_WHAT IS NEEDED_: Exactly the lines from the first line of the records to the line holding "Vídeo 9 - Isquemia e Infarto" should be duplicated, and nothing more; pictures stay out.

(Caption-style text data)
= = =
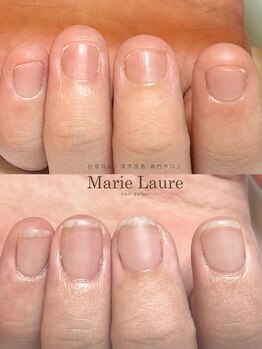 マリーロール 梅田店(Marie Laure)/自爪育成/深爪矯正/ネイルケア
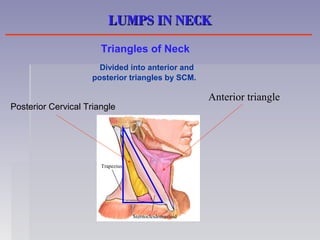 Sternocleidomastoid
Trapezius
Anterior triangle
LUMPS IN NECKLUMPS IN NECK
Triangles of Neck
Divided into anterior and
posterior triangles by SCM.
Posterior Cervical Triangle
 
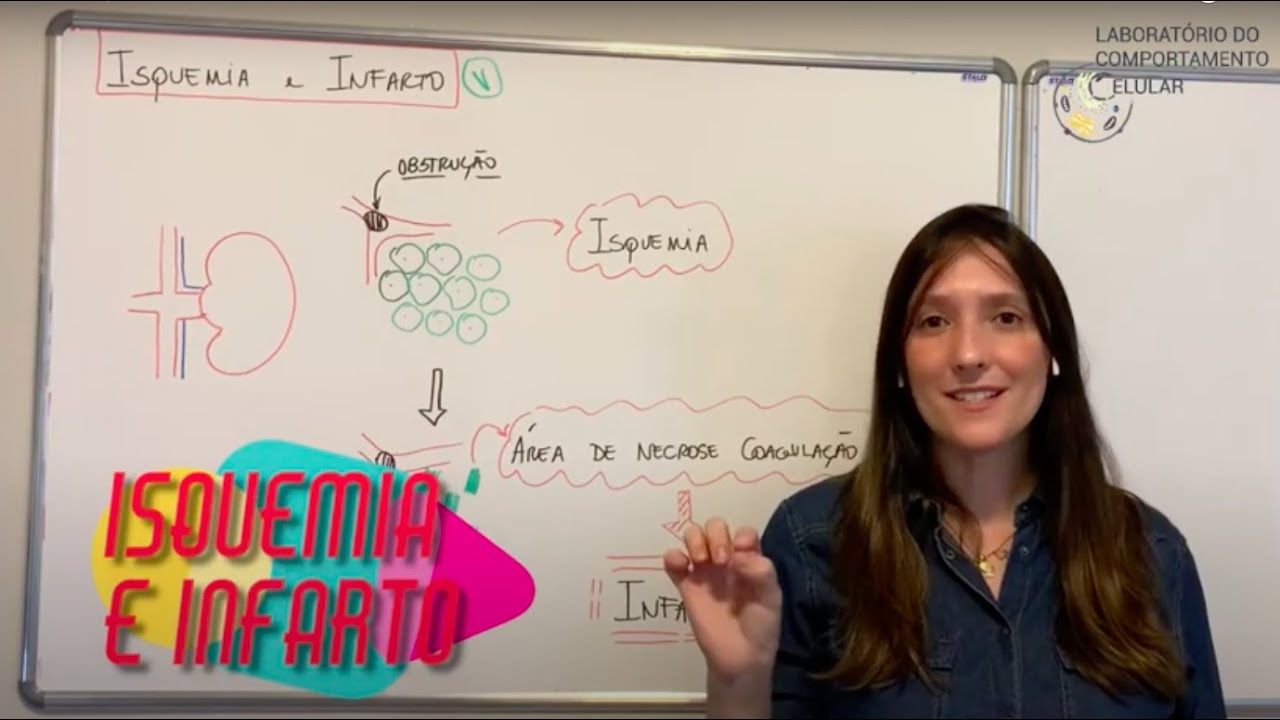 Vídeo 9 - Isquemia e Infarto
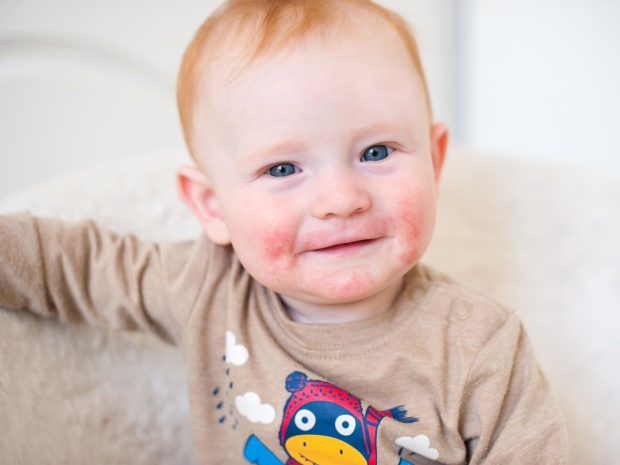 volto di bambino con irritazione alla pelle dovuta a dermatite atopica
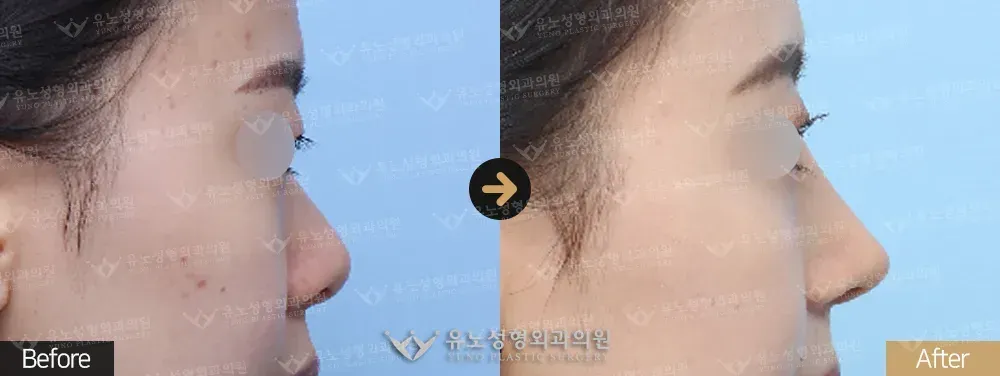 복코교정 · 콧볼축소 전후사진 측면 - 유노성형외과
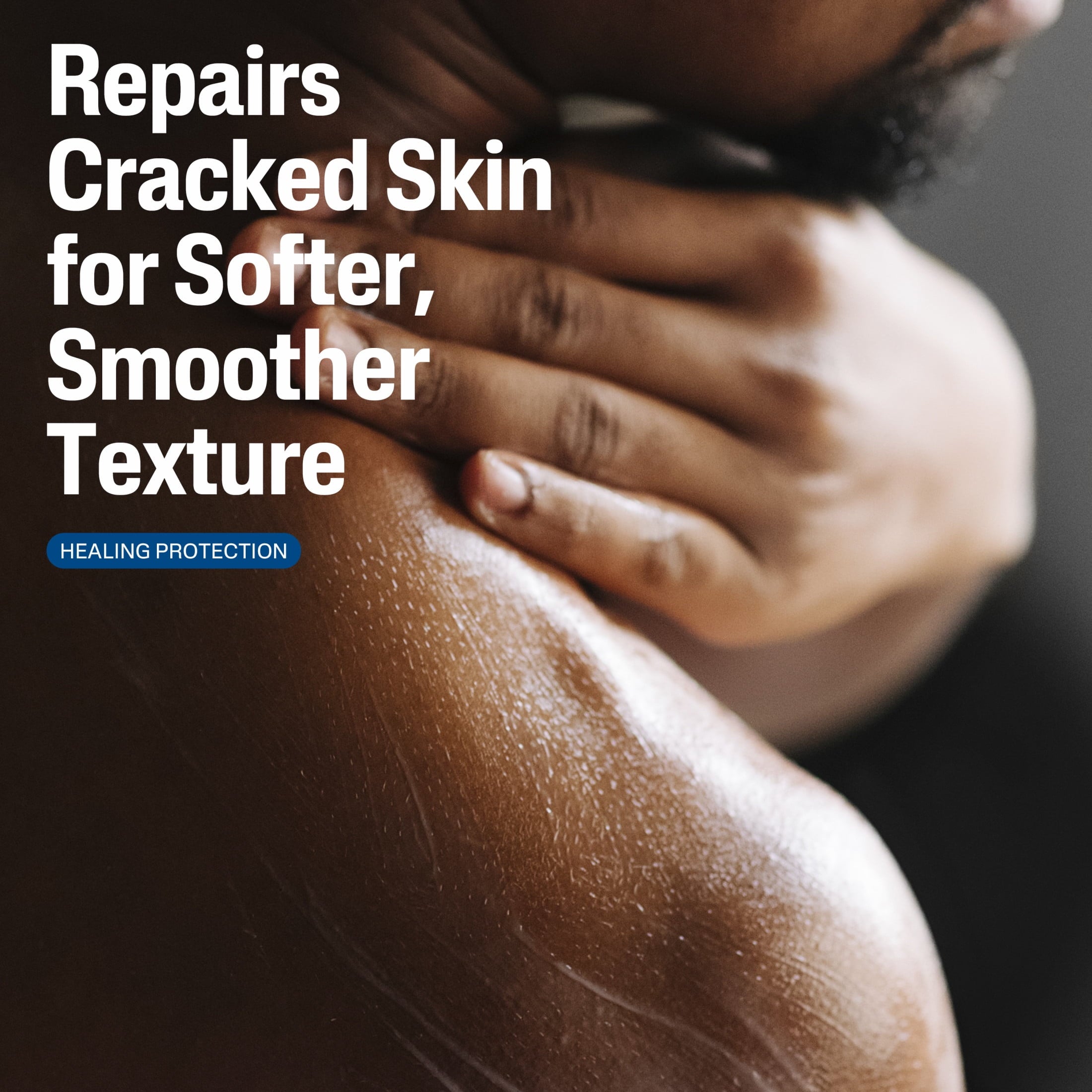 Cetaphil Skin Repair Lotion for Very Rough Cracked Skin, Unscented, 16 fl oz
= = =
_WRITTEN RESPONSE_:
 マリーロール 梅田店(Marie Laure)/自爪育成/深爪矯正/ネイルケア
 Sternocleidomastoid
Trapezius
Anterior triangle
LUMPS IN NECKLUMPS IN NECK
Triangles of Neck
Divided into anterior and
posterior triangles by SCM.
Posterior Cervical Triangle
 
 Vídeo 9 - Isquemia e Infarto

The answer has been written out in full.